The CEO responded to a tweet last week asking him to show support for the company by acquiring DraftKings shares after the recent downswing.

“I cannot buy shares due to short swing profit rules,” Robins replied. “Believe me I’d be buying if I could.”

What is the short swing profit rule?

He was asked to clarify those rules and shared a link to Investopedia.

Here’s the definition: “The short-swing profit rule requires insiders to forfeit any trading profit earned from a combined purchase and sale that occurs within a six-month period.”

The rule seemingly applies to buying and selling. In other words, since Robins has been selling shares at various prices down from $59, he would have to pay the difference if he bought at the current $13 price.

Per those rules, the insider must hand any such profits over to the company.

Timeline for Robins to buy more DraftKings stock

In light of that, Robins said he wouldn’t be able to buy shares in the open market “for months.”

Robins last sold in the open market on March 16, per Bloomberg, selling 320,000 shares for around $5.7 million.

That means he could buy again in mid-September without being affected by the short swing profit rule.

Alternative options on DKNG

In the meantime, Robins said he could still exercise options. 

“Candidly that makes more sense for me to do anyway,” the CEO said. “Options expire so it’s better to pay to exercise them versus buying shares. And it’s still a statement of confidence because I’m choosing to take a tax hit anytime I exercise.”

For example, if Robins exercised options on 100,000 shares at $4, he would have to pay tax on the $400,000 value of those shares.

Execs often sell a chunk of the new shares to pay those taxes. However, they can also pay the taxes out of pocket and keep the shares.

Not enough?

Of course that reply did not appease all investors, given the inherent value of exercising options at $4 a share when they can be sold instantly at $13.

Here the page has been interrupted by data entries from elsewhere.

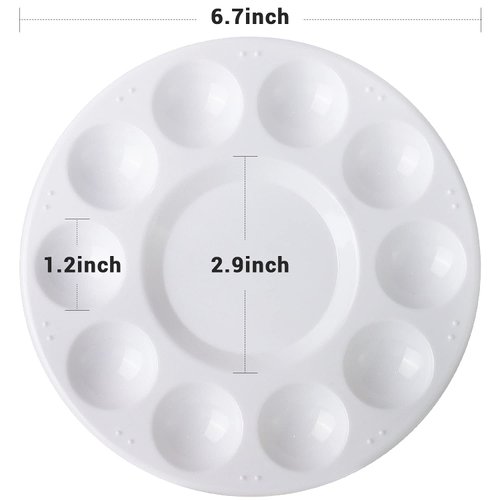 6 Pack Paint Tray Palettes, Plastic Paint Pallet for Kids Art Painting Palette for Painting or DIY Craft Class, White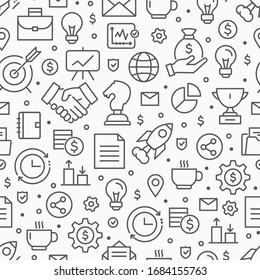 Vector Business seamless pattern with thin line icons of business strategy, startup for presentation. Endless background design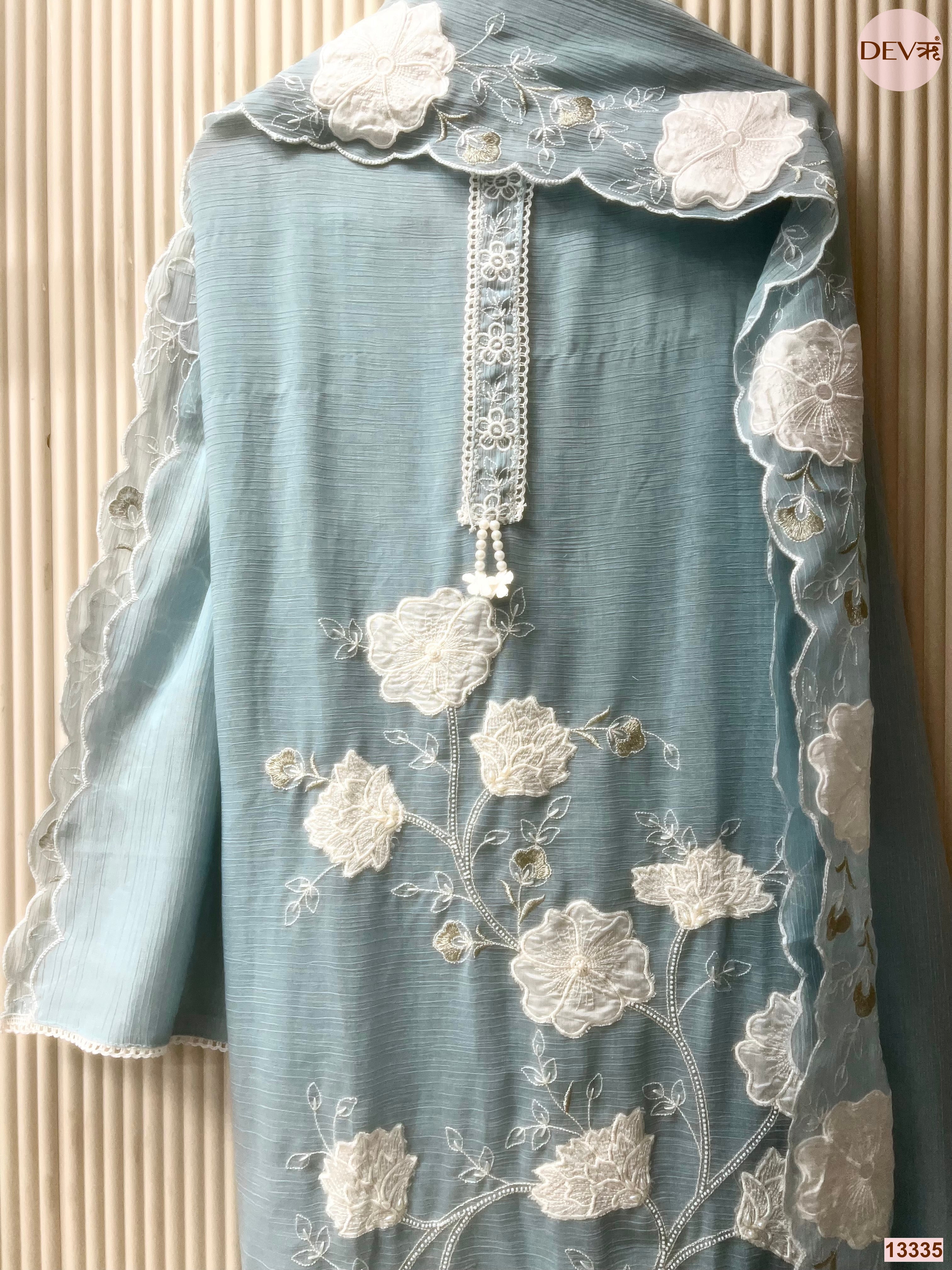 Blue Mul Chanderi Crush Embroidered Unstitched 3-Piece Suit (Devri – D.No 13335)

Another respondent pointed out that each time Robins exercises options, he is diluting existing shareholders.

DraftKings has drawn criticism in the past for the amount of shares it awards to executivess.

Robins has now sold close to $200 million in $DKNG stock since the start of 2020, per Insider Monitor.

Public forum for DraftKings stock

Robins is no stranger to discussing DraftKings stock on Twitter. In November last year, he said his goal was to make DraftKings a $1 trillion company by 2032.

He also famously said in March  he was on a mission to make DraftKings sellers “regret the decision more than any other decision you’ve ever made in your life.”

However, DKNG closed Tuesday at $13 a share, despite improved EBITDA guidance at its Q1 results.